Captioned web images
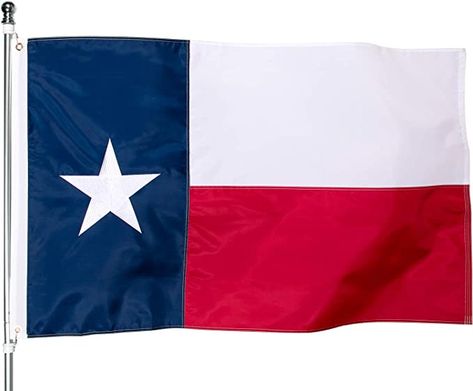 Amazon.com : Texas Flag Outdoor - Heavy Duty Nylon Texas State Flags with Embroidered Stars, Sewn Stripes and Brass Grommets : Patio, Lawn & Garden Ohio Flag, Texas State Flag, Sports Flags, Us Flags, Flag Store, Embroidered Stars, Texas Flag, Texas Flags, Double Stitch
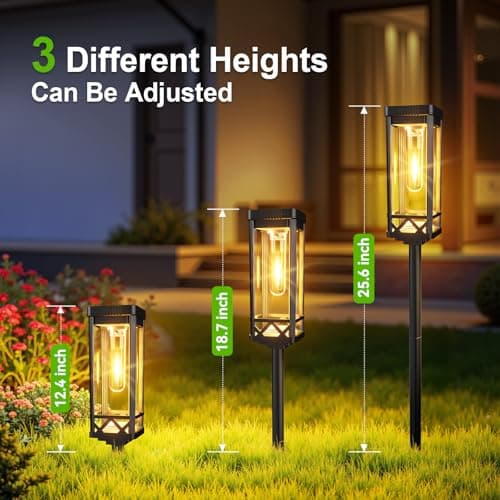 KOOPER Taller Solar Pathway Lights Outdoor, 8 Pack Upgraded Brighter Solar Garden Lights Solar Powered, Up To 15 Hours Outdoor Solar Lights for Yard Landscape Lighting Path Walkway Driveway Sidewalk - Thumbnail 5
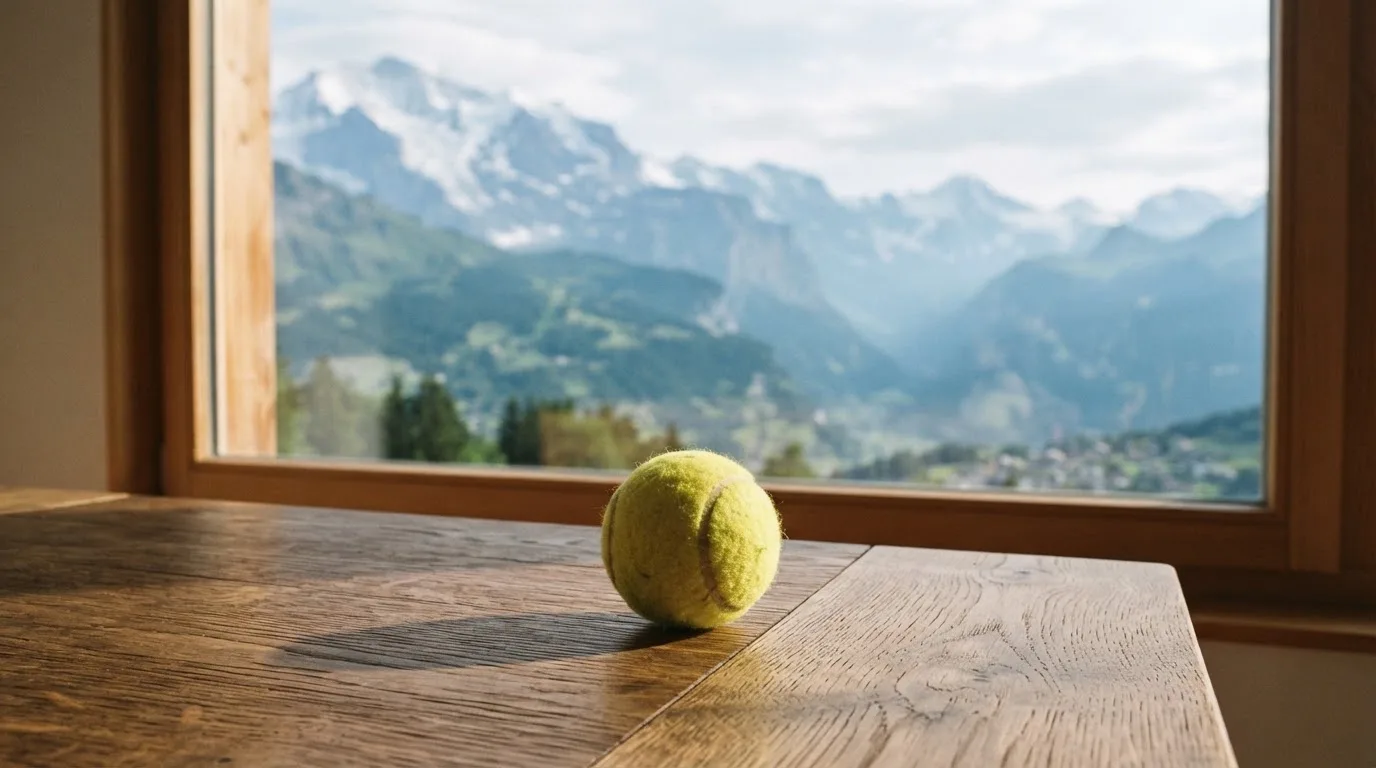 Ein einzelner gelber Tennisball liegt auf einem Holztisch vor einem Fenster mit Alpenblick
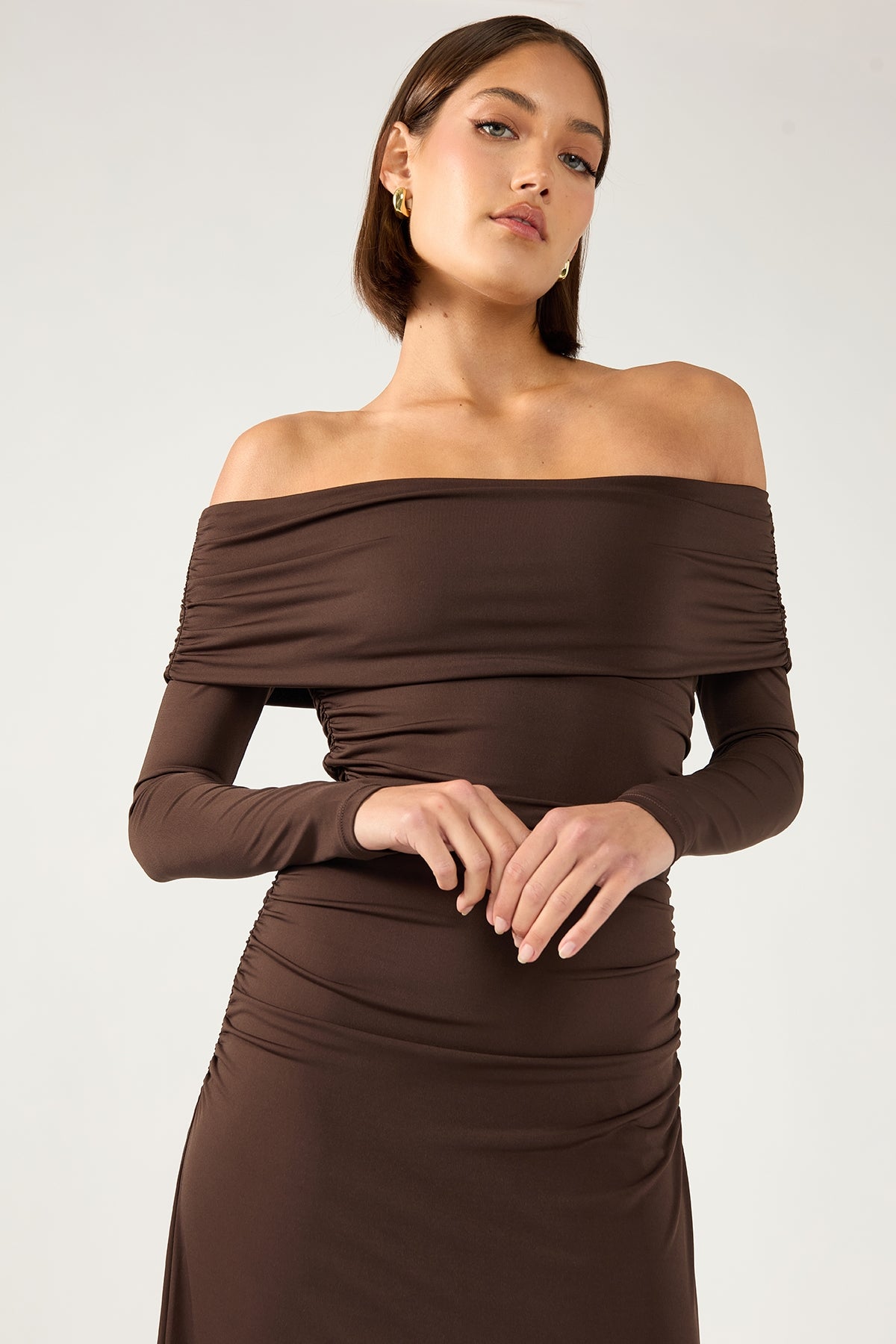 Perfect Stranger Rosetta Off Shoulder Long Sleeve Maxi Dress Ash Brown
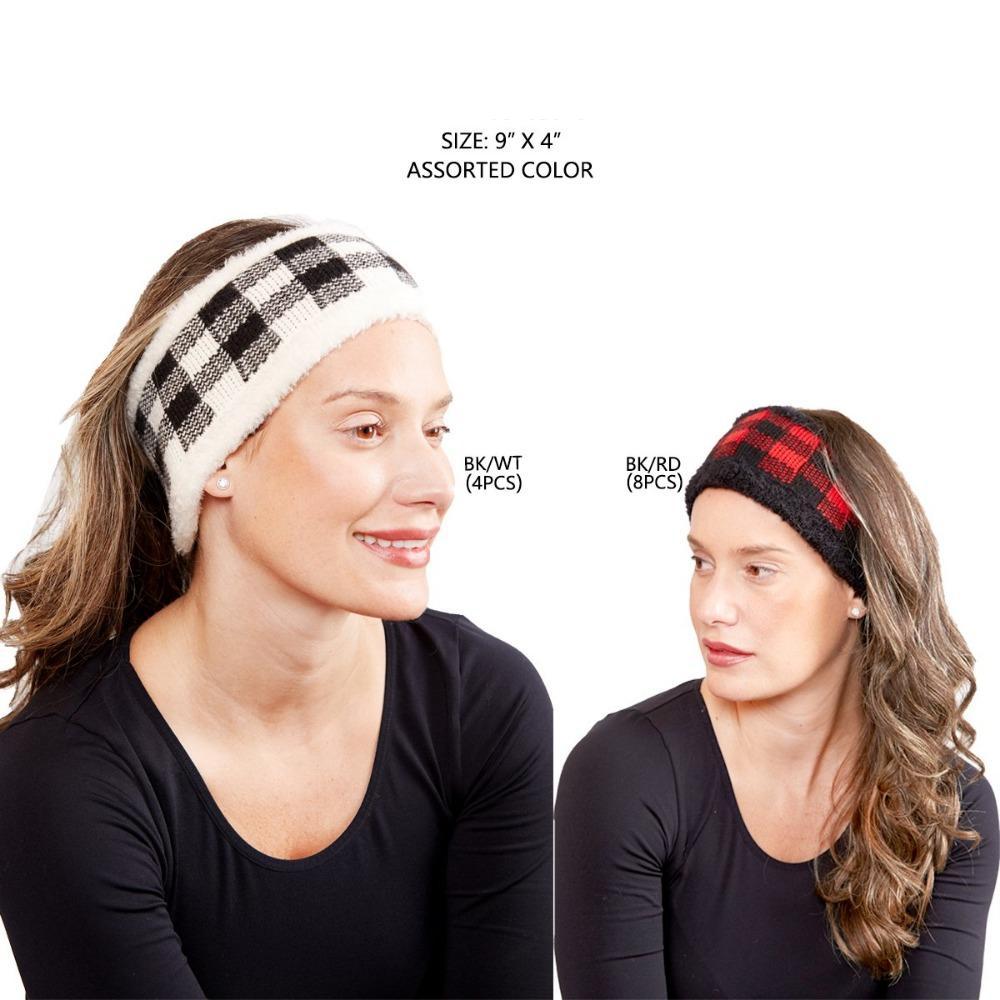 Buffalo Check Pattern Knitted Headband - 12Pc Set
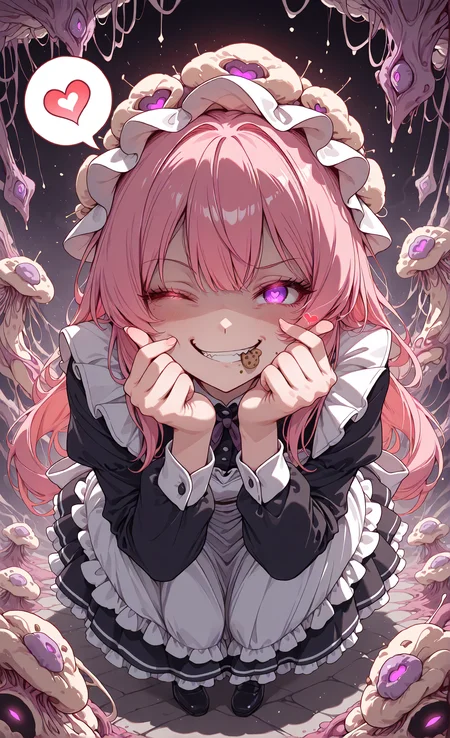 masterpiece, sharp detail, intricate detail, hair shader, 1girl, <lora:MyceliumT-000014:1>, myceliumt, myceliumt dress, full body, glowing eyes, detailed eyes, gradient eyes, eyelashes, detailed face, detailed eyes, looking at viewer, smile, cookie in mouth, smirk, spoken heart, wink, finger heart, <lora:CivChan:1> CivChan, purple eyes, pink hair, maid,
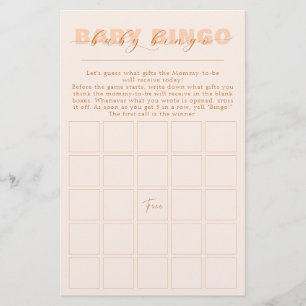Elegant Minimalist Light Orange Baby Bingo Game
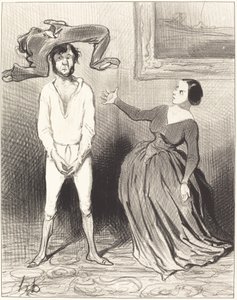Une femme comme moi... remettre un bouton?... - Honoré Daumier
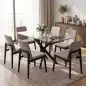 Mesa de Comedor Rectangular Moderna 6 Personas Tablero Vidrio Templado Patas Cruzadas de Acero 120x65 cm Transparente Mesa de Comedor Rectangular Moderna 6 Personas Tablero Vidrio Templado Patas Cruzadas de Acero 120x65 cm Transparente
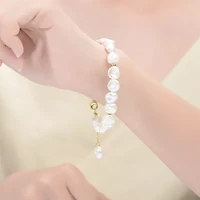 Lab Created Sterling Silver 14K Gold Plating with White Freshwater Round Pearl Bracelet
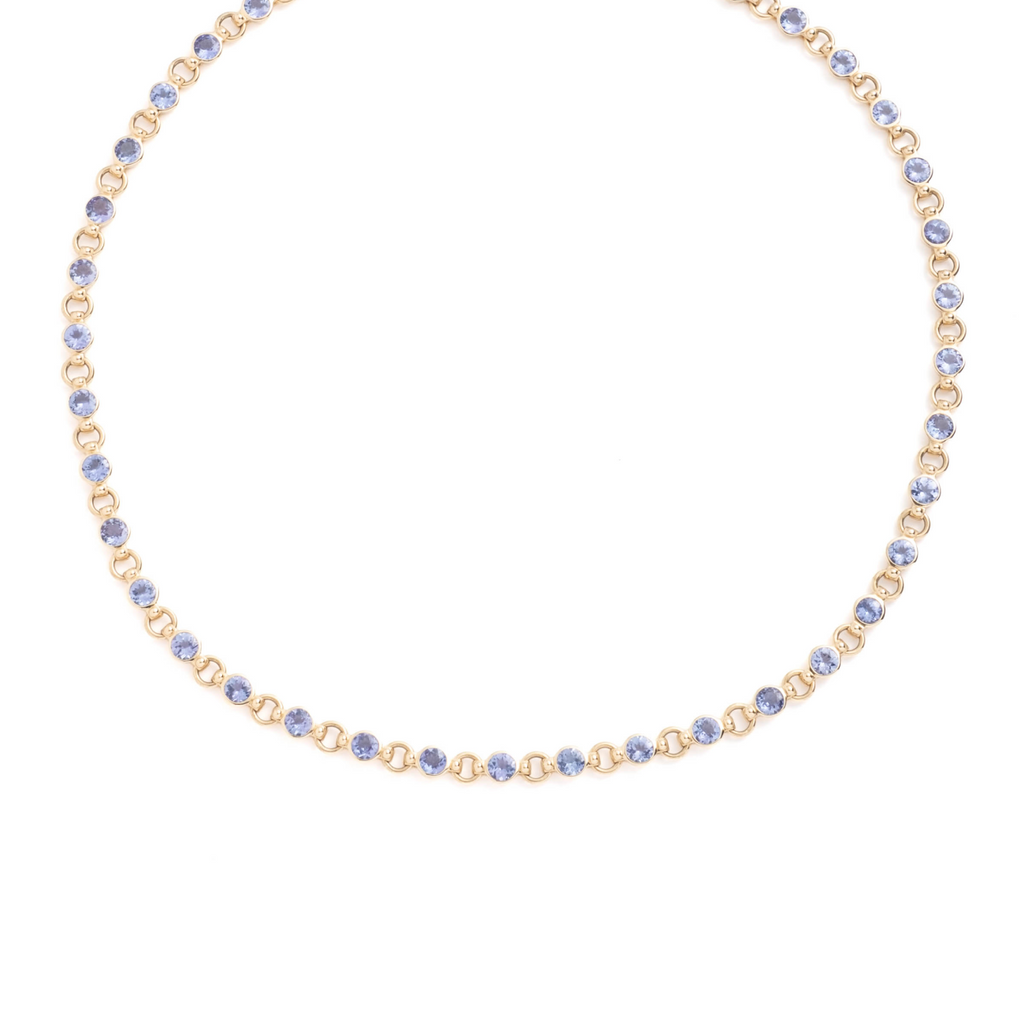 Tanzanite Link Rivière Necklace : in Yellow Gold view 1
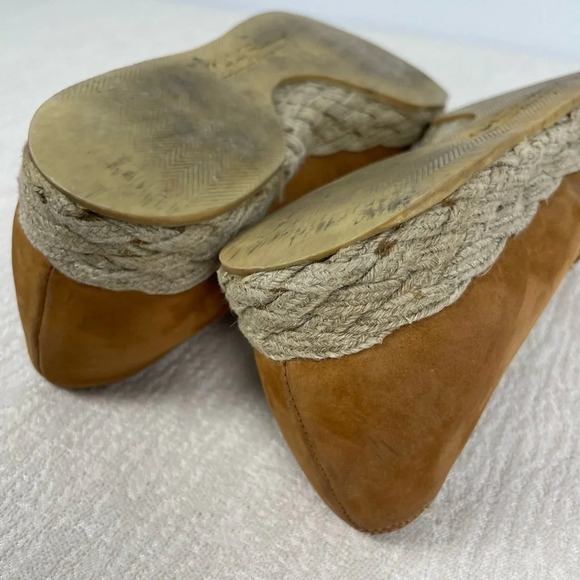 Salvatore Ferragamo Tan Gancini Espadrille Loafer Slip On Leather Flats - Picture 9 of 10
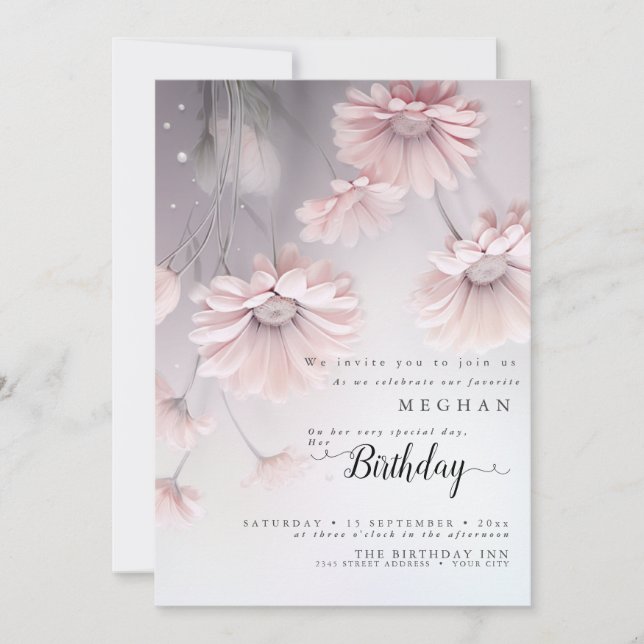 Convites Sonho Boêmio Margaridas Rosa Aniversário (Frente)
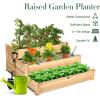 imageGiantex Wooden Raised Garden Bed Rectangular Planter Box for Vegetables Fruits Flowers Herbs 48 Lx24 Wx10 H Outdoor Elevated Planting Bed for Garden Backyard Lawn Patio49x49x22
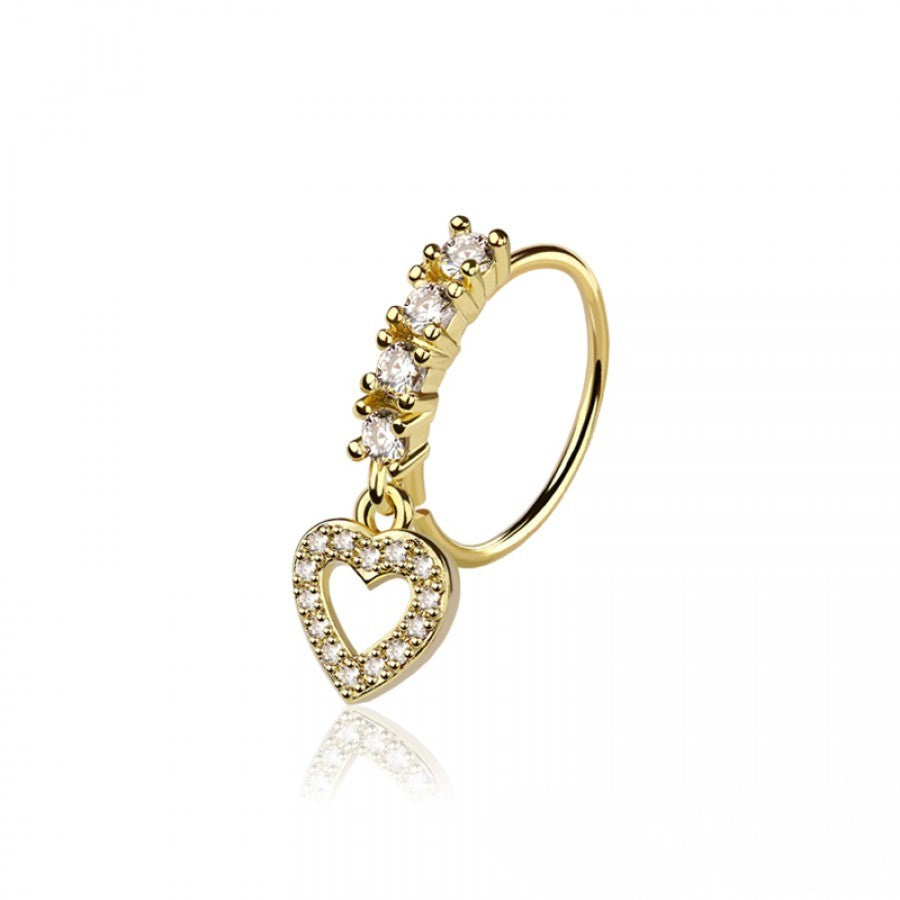 CRYSTAL LINED LOVE HEART CHARM BENDABLE NOSE  / EAR HOOP RING - 8MM - 20 GAUGE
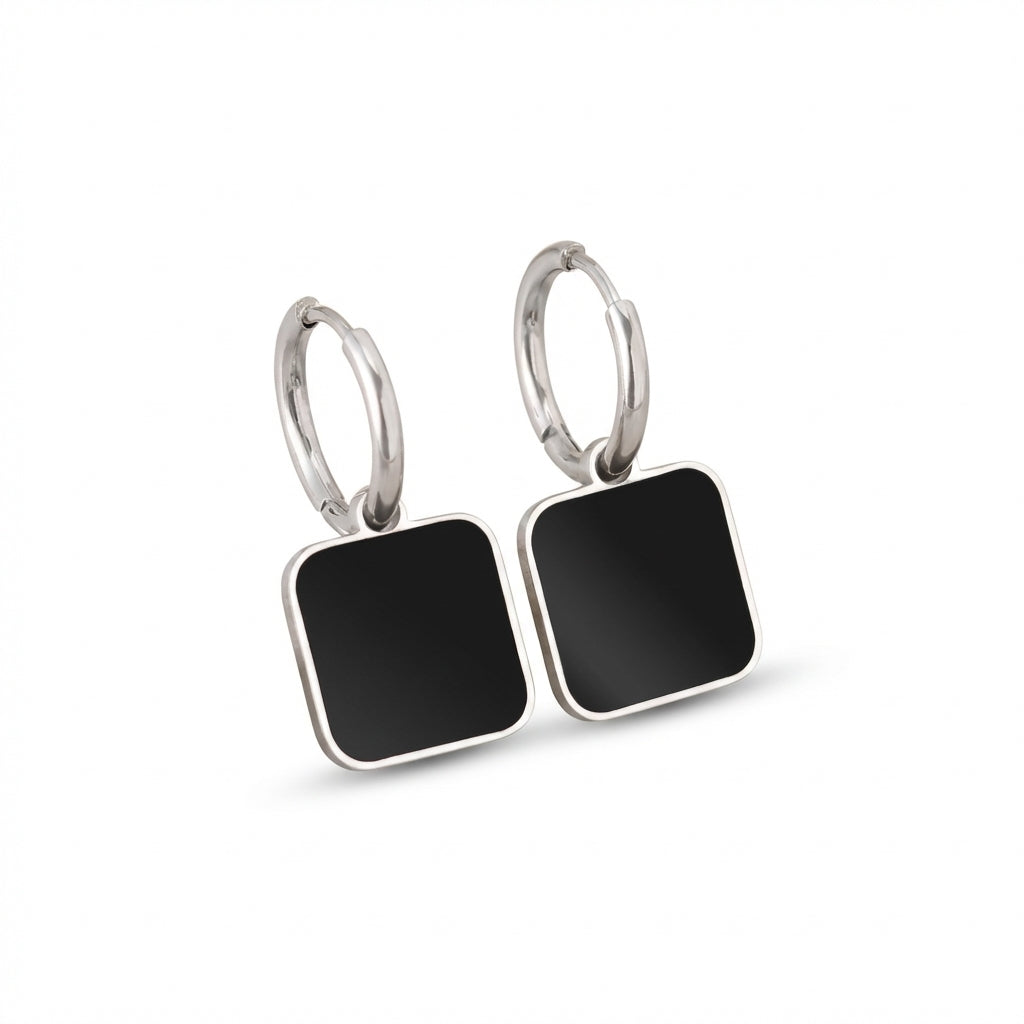 Cercei Pătrată cu Email Negru Oțel Inoxidabil 1.5 cm - CM1511 | Zelora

- Activity
Out of the records above, return only the lines from the one with "Buffalo Check Pattern Knitted" through the one with "Convites Sonho Boêmio", exactly, and none of the pictures.

- Answer to this exercise
 Buffalo Check Pattern Knitted Headband - 12Pc Set
 masterpiece, sharp detail, intricate detail, hair shader, 1girl, <lora:MyceliumT-000014:1>, myceliumt, myceliumt dress, full body, glowing eyes, detailed eyes, gradient eyes, eyelashes, detailed face, detailed eyes, looking at viewer, smile, cookie in mouth, smirk, spoken heart, wink, finger heart, <lora:CivChan:1> CivChan, purple eyes, pink hair, maid,
Elegant Minimalist Light Orange Baby Bingo Game
Une femme comme moi... remettre un bouton?... - Honoré Daumier
 Mesa de Comedor Rectangular Moderna 6 Personas Tablero Vidrio Templado Patas Cruzadas de Acero 120x65 cm Transparente Mesa de Comedor Rectangular Moderna 6 Personas Tablero Vidrio Templado Patas Cruzadas de Acero 120x65 cm Transparente
 Lab Created Sterling Silver 14K Gold Plating with White Freshwater Round Pearl Bracelet
 Tanzanite Link Rivière Necklace : in Yellow Gold view 1
 Salvatore Ferragamo Tan Gancini Espadrille Loafer Slip On Leather Flats - Picture 9 of 10
 Convites Sonho Boêmio Margaridas Rosa Aniversário (Frente)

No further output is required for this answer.